Average consumption rates will be dependent heavily on things like light intensity/duration, CO2, plant species type and plant density.
10-30ppm seems fine for most folks for K+, you can go higher without any ill effects on most any species, I'm always curious to test higher levels on speculated "susceptible" plants. Never found any yet.
Here's Erik's tank with over 100+ppm:
Another with 30ppm:
It's very easy to hit such a good sized target with some water changes and dosing thereafter. 10+/- ppm is very easy to accomplish. Hanna makes a decent colorimeter for measuring K+. Lamotte and other test are so so at best due to low precision over the desired range of K+ testing. These can be reduced and diluted to improve the precision, but this adds a few extra steps.
My own tanks have never exhibited any sign of Ca or K+ issues and each time this was speculated, I checked the plants.
I had large stands of Rotala "green" in my 180 gallon for about 6 months, I chose another plant, it grew like mad. Dosing was very rich in K+, about 30ppm initially and then another 20ppm during the week, so about 50ppm added a week.
With some build up, uptake etc this means my K+ sits around 50-60ppm.

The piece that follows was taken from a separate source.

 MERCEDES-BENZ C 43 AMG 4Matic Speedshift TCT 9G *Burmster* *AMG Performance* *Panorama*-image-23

Where's my stunted tip growth?
If that is really the real reason in and of itself, I'm game to explain how come I add it, , give specific data points, and post the pictures of the resultants, and no stunted tips.
How is this? Magic?
I no think so........
I'd not worry much about nutrients being too high and simply dose and be done with it, then focus more on CO2, current, and light intensity.
They are a lot more effective for management. Folks focus too much on these slight differences in ppm's or nutrients and think it produces dramatic results.

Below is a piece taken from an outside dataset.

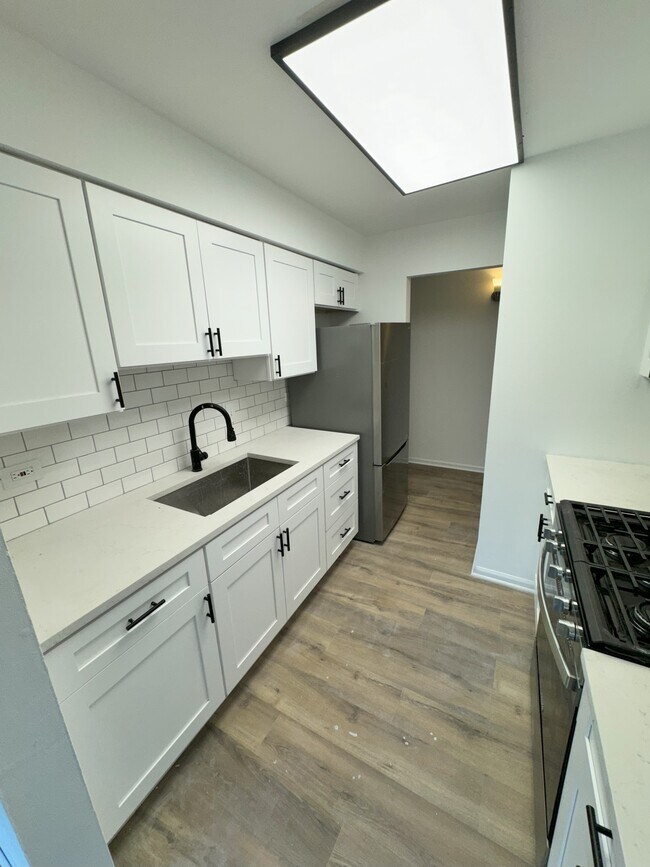 Building Photo - 4410 W 111th St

Rarely is that the case. Light and CO2? Very much so.
I add about 45ppm a week of NO3, 10-15ppm of PO4, 2ppm or so of Fe as proxy for all traces. I also add another few ppm's of Ca and Mg, and K+ as GH booster after water changes.
Nothing special really.
You can tweak to suit and likely should.
If you do get stunted tip growth from adding more K+, I'd look at the CO2 again. Current and adjust, if that does not work, try less light intensity since that will reduce the CO2 stress and you should be able to dose more K+ without the same issues occurring, as well manage everything easier and leaner if you think that is somehow a key.
Plants like nutrients, CO2 etc, I add them, pretty simple stuff really.
I use light to limit/manage growth from there.